In the nineteenth century there was a shift in Mughal manuscript iconography that gave greater emphasis to architectural representation. The first artwork attributed to Ghulam Ali Khan is The Diwan-i Khan in the palace in the Delhi Fort [Red Fort] from 1817. The red tent in this watercolor serves as a stand-in for the emperor in his absence. He was a formal court painter since 1827 when he produced portraits for Akbar II and his son Mirza Salim. Khan signed these two portraits as "His Majesty's Painter" and "His Majesty's devoted faithful servant." A decade later in 1837 Khan painted the accession portraits of Bahadur Shah with his sons where they are set against the backdrop of the fireplace from the Zafar Mahal. He collaborated on the Portraits of the Exalted Emperors, producing the visual imperial genealogy in 1851. Other subject matter included painting high class courtesans, tawaifs, such as those featured in Mirza Fakhruddin entertained by musicians in a salon at the Zafar Mahal, 1852.

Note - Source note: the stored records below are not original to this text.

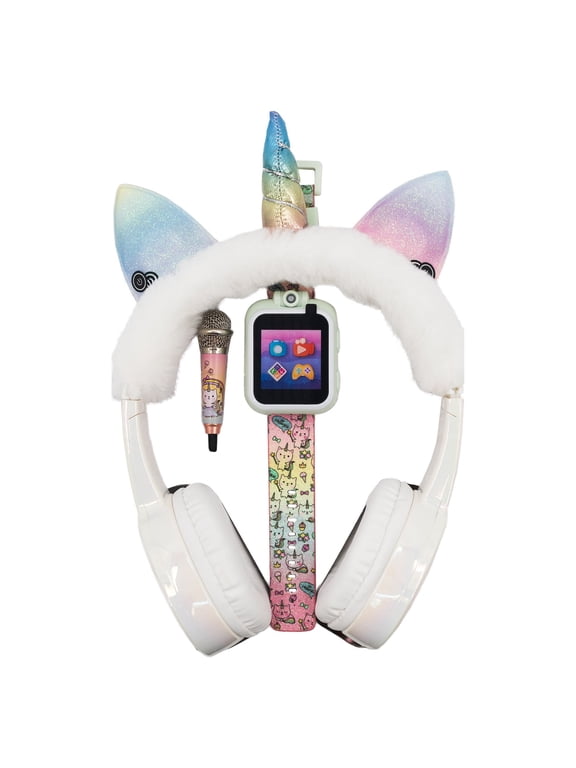 Itech Jr Unisex Kids Smartwatch with Mini Mic & Headphones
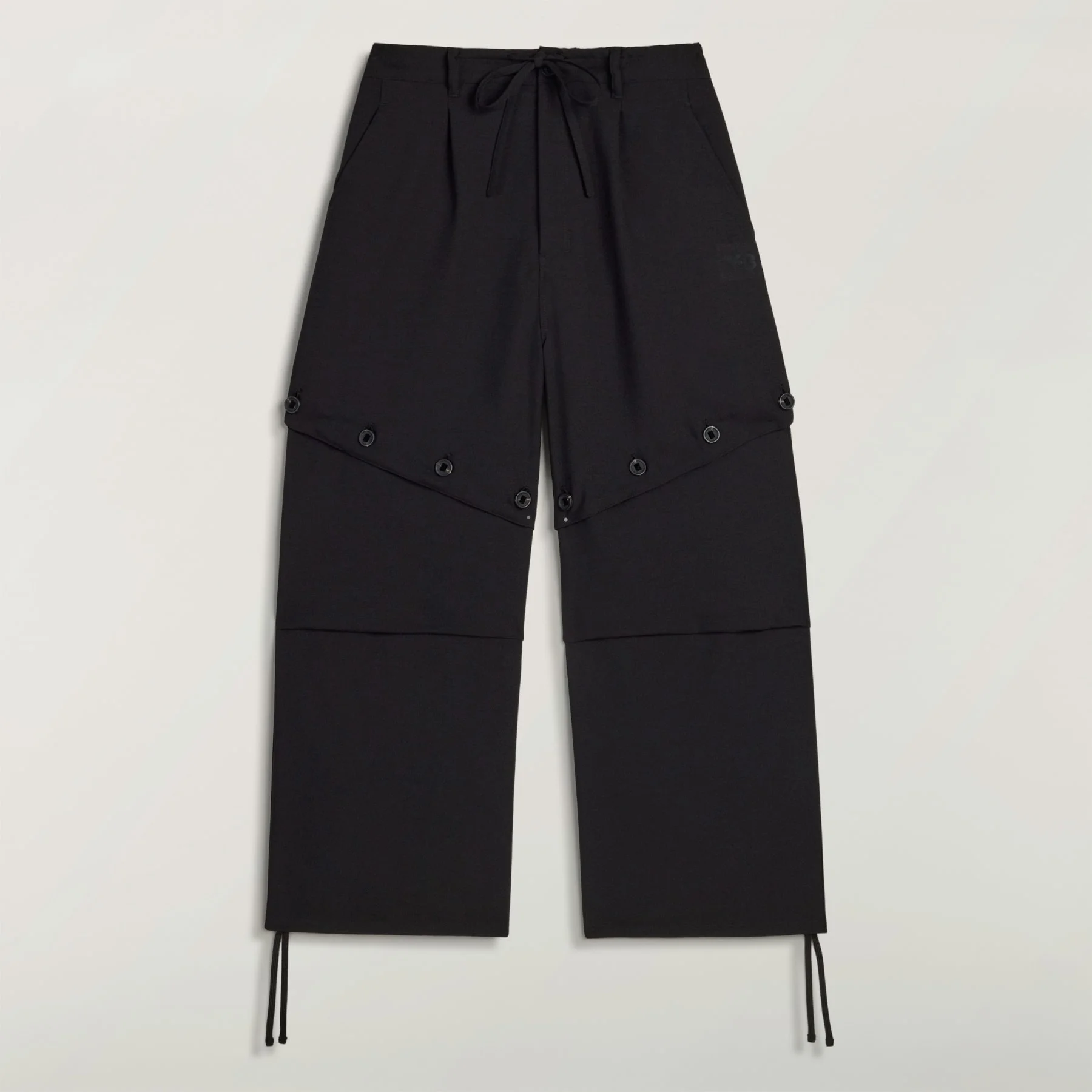 Y-3 SPORT UNIFORM ADAPTIVE 3 STRIPES TRACK PANTS - 1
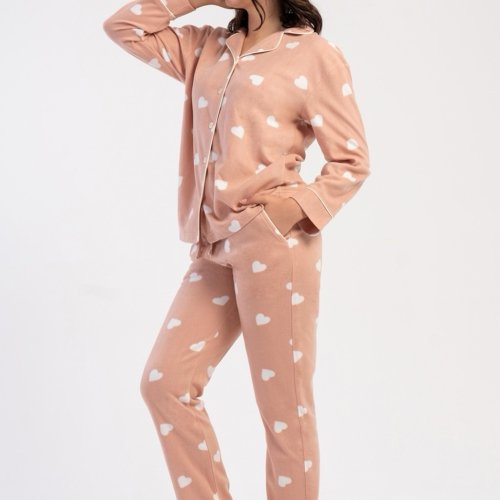 Пижама Trikotag (S-XL) T119 beige (зима) Trikotag T119 beige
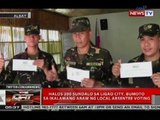 QRT: Halos 200 sundalo sa Ligao City, bumoto sa ikalawang araw ng local absentee voting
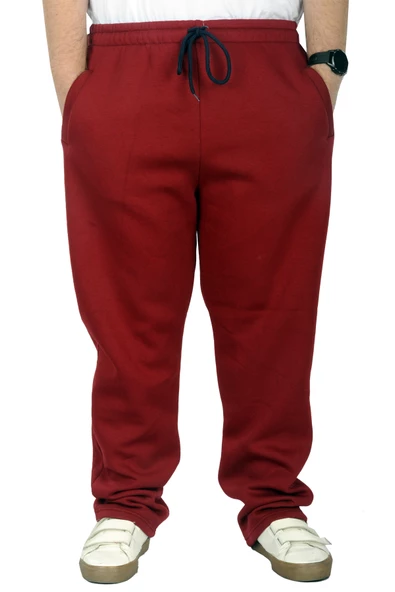 Mode XL Büyük Beden Erkek Eşofman Altı Classic 3 İp 11103 Bordo - Resim 4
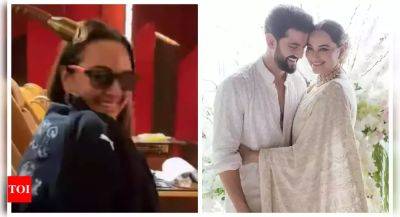 Sonakshi Sinha and Zaheer Iqbal enjoy a movie date as they watch Deadpool & Wolverine!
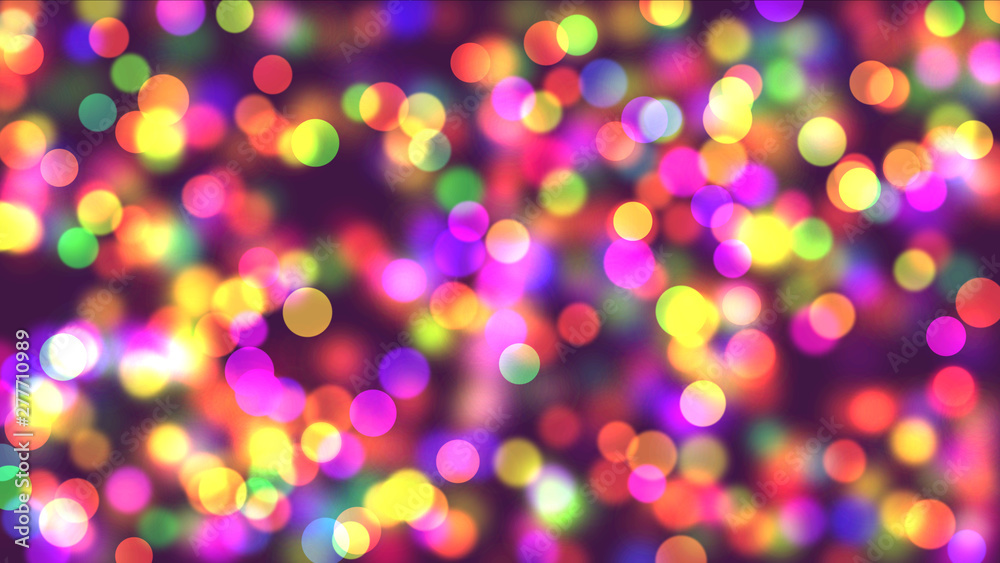spots bokeh color abstract background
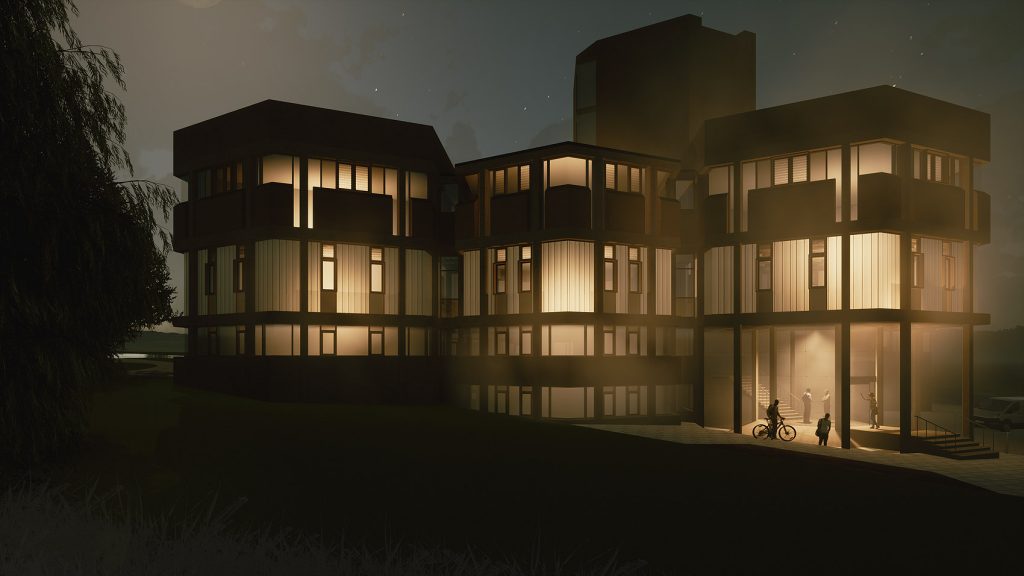 20048-CO-ZZ-ZZ-VS-A-00009-ProposedModel Geography Building External façade refurbishment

=== Painting Beyond the Mughal Court ===
In 1827, Khan worked on a three-part painting series for Colonel Skinner memorializing portraits of Skinner's cavalry for a private album. These paintings were done in watercolor and gouache. Khan painted for Skinner again completing a portrait of the colonel in 1830. He participated in the Fraser Album project which was a collection of Delhi genre paintings.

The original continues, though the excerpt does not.